Comment 3 Bala.FA 2012-09-14 05:23:02 UTC
I am not clear about this exception.  Please help on this.

Comment 4 Dan Kenigsberg 2012-09-14 07:41:26 UTC
The attached log is unrelated to storage - this is not what made Engine believe that the storage is offline. Do you see a prepareForShutdown somewhere? Could you find some other clues in engine and vdsm logs?

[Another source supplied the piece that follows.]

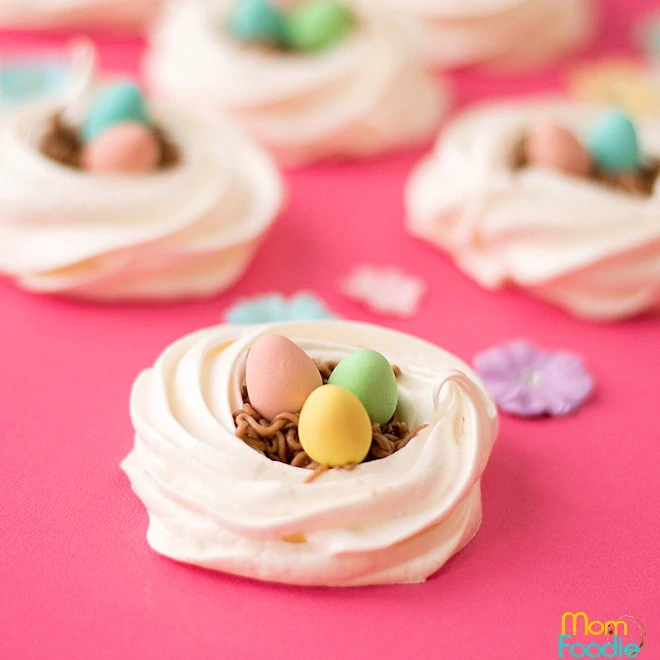 Easter Meringues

Has the VM crashed, or did it appear up after vdsm was restarted? Which libvirt version is used? Does it logs have clues about vdsm's disconnecting from it? Has libvirt process crashed?

Comment 5 Gowrishankar Rajaiyan 2012-09-14 08:36:54 UTC
Haven't seen this behaviour after upgrading to si17.

Comment 6 Dan Kenigsberg 2012-09-16 06:00:18 UTC
Please reopen with requested info if it ever reproduces.